Under the aforesaid schemes, an assessee is entitled to import entitlements on the basis of exports at zero or concessional rate. The said entitlements can be utilised either by way of actual import of raw material at  zero or concessional rate or the said entitlement can be sold in the open market at a premium and the profit is pocketed. In the case of advance licence scheme, the exporter is entitled to the benefit on the basis of future export commitments but on failure to honour the commitment, the exporter has to make good the benefit wrongly availed to the government.

ASSESSEE IS FOLLOWING MERCANTILE SYSTEM : ISSUE WHEN INCOME SHOULD BE RECOGINED.

A typical situation arises where the assessees is following mercantile system how to account for export benefits particularly when the benefit is merely notional and may not materialise in the subsequent year.
Common instances of such cases are-
(a)
Actual entitlement earned but no import of raw material is made.
(b)
Actual import of raw material is made at zero or concessional rate but no corresponding sale is made.
(c)
Actual entitlement earned in year one but same is sold at a profit in year two.

Department view is to offer the income for tax in the previous year in which entitlement is granted even if actual sale is made subsequently. The problem is is compounded when the assessee himself takes credit of the estimated benefit in its accounts.

CASE LAWS

Some of the reported judgements from the high courts and the apex court on the issue are analysed hereunder-
(a)
Indian Overseas Bank Ltd. vs. CIT
it was held that even in the mercantile system of accounting, any contingent/estimated benefit cannot be brought to tax.        
(b)
CIT v. Shoorji Vallabhdas and Co
"Income-tax is a levy on income. No doubt, the Income-tax Act takes into account two points of time at which the liability to tax is attracted, viz., the accrual of the income or its receipt; but the substance of the matter is the income. If income does not result at all, there cannot be a tax, even though in book-keeping, an entry is made about a hypothetical income, which does not materialise."

LAW IS SILENT?

As per section 28(iiia) profit on sale of a licence granted under Import (Control) Order would be charged to Income-tax.

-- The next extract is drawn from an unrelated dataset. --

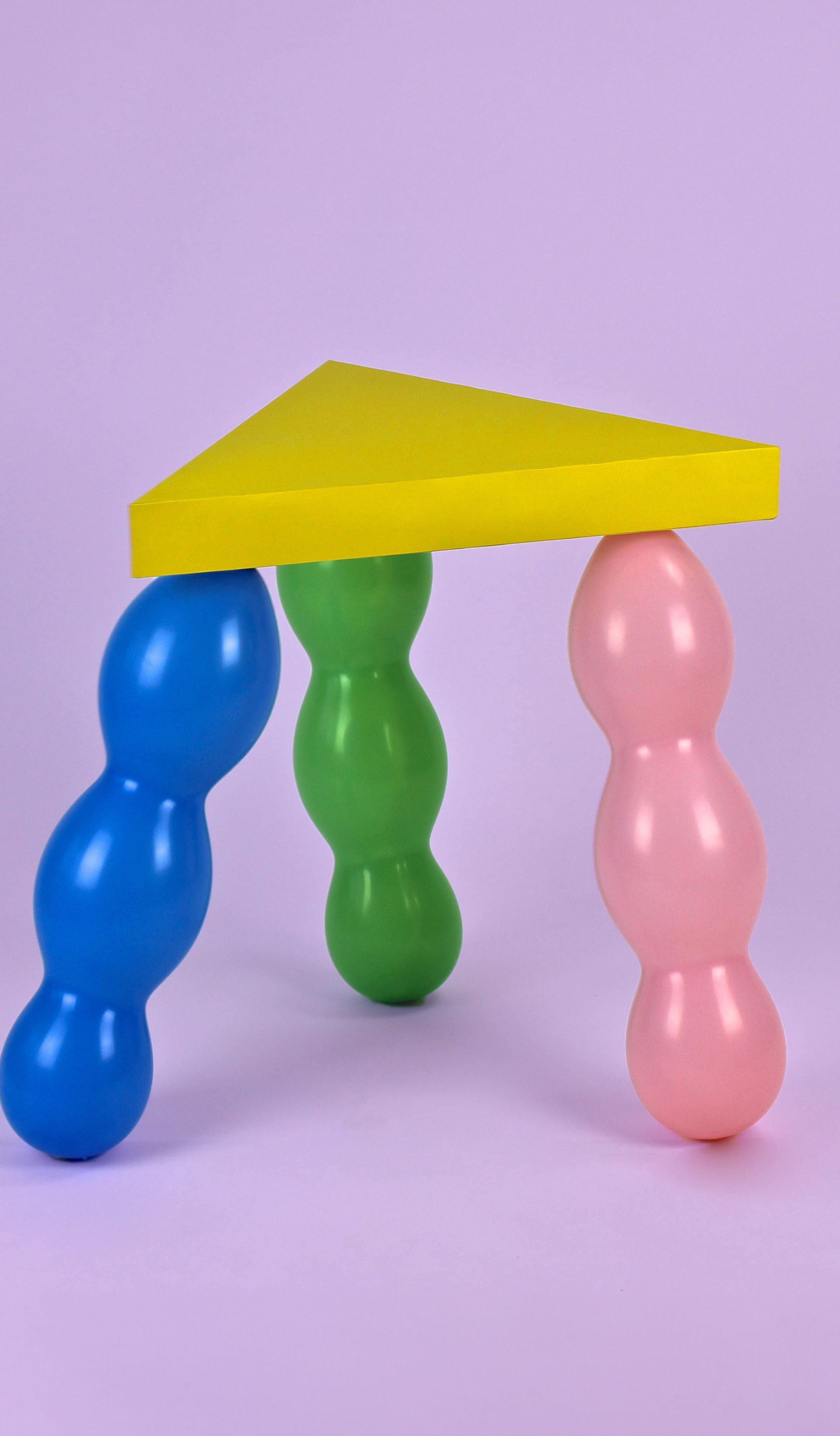 Yellow triangle seat supported by 3 balloon legs in green, pink and blue.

The expression "profit on sale" is employed in this sub-section in contradistinction to the cash assistance "received or receivable" as incorporated in section 28(iiib) and the duty of customs or excise "repaid or repayable" as contained in section 28(iiic).

The intention is very clear that insofar as the import entitlements are concerned, the profit has to be recognised only when such licences are sold and the profit is, in fact, realised. Mere holding of licence as at the year end does not result into accrual of income.

If the view of the department is accepted, it would amount to double taxation because not only the profit on acquisition of such import licences as is the case in hand, would be taxable but the actual profit realized on the sale of such licences would again become subject-matter of taxation in view of the specific provision contained in section 28(iiia).